From town plan to plan economy: Germany, Berlin, 1848-1933

First and second supervisors 

Professor Adrian Forty & Dr Peg Rawes

Abstract

My PhD research started with the simple observation that the plan was discussed in architecture and economics. This ignited my investigation into the relationship of the urban, economic and social plan, my search for the origins of the plan as a concept, and a research into the role of the paper plan as a medium in the discourse and process of planning.

I am interested in how the plan established a unique way of seeing and visualizing, of describing and theorizing, of organizing and managing the city, the factory, the economy and the society. I wonder how we can discuss the plan as a material object, a drawing, a legal document, and a conception of the future all at the same time.

My PhD research looks at the notion of the plan in late 19th and early 20th century Germany; from the ‘building plan’ of German Städtebau, to the ‘economic plan’ in political economy and scientific management, to the ‘plan economy’ of World War One and the following socialist projects. I am curious if and if so in what way the plans of the town planners, architects, official administrators, scientific managers, and socialist revolutionaries were related.

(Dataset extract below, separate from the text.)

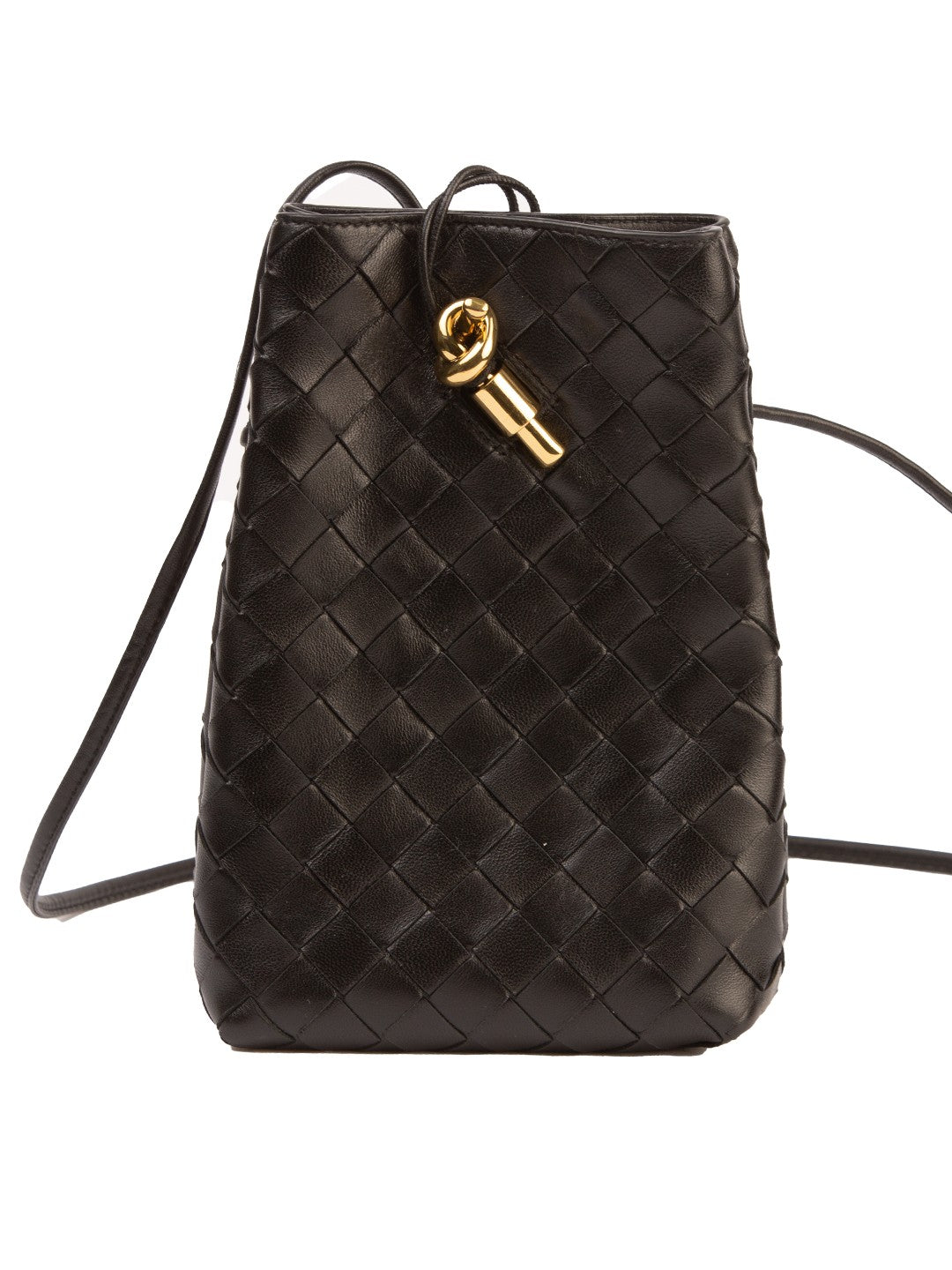 Bolsa Bottega Veneta Mini Bucket Intrecciato, couro intrecciato preto, frente, com o fechamento por cordão e o pingente dourado em nó — Domus Giulietta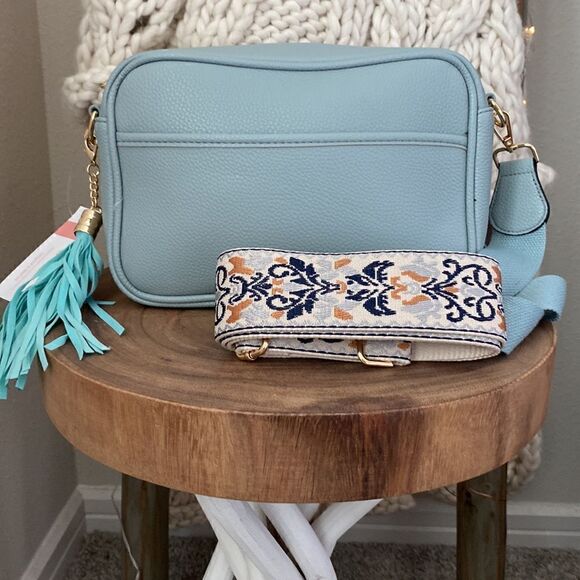 UNNI Tassel Camera Crossbody Bag NWT - Picture 1 of 9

Following a well-established position in media theory I propose to describe and theorize the plan as a medium and a cultural technique. The distinction is meaningful because it allows us to think of the plan as material object, usually a piece of paper, and a technique, devised by human beings, to for instance organize processes or relations in space. The paper is important for the plan to exist, to be drawn out, to operate, to be visible, to be circulated, and to be discussed. The technique on the other hand is the actual drawing out, the making visible, the arrangement, and the organization.

Biography

Tilo Amhoff studied architecture at the Bauhaus-University Weimar, the University of Applied Arts Vienna, and the Virginia Tech University. He was a lecturer at the chair of Design and Architectural Theory at the Bauhaus-University Weimar. He went on to receive an MSc in Architectural History from the Bartlett School of Architecture with a thesis on the development of nineteenth century contractual documents in England.

Tilo Amhoff is currently a Lecturer in Architecture History and Theory at the University of Brighton and a PhD candidate and teaching fellow at the Bartlett School of Architecture. He is a founder member of Netzwerk Architekturwissenschaft.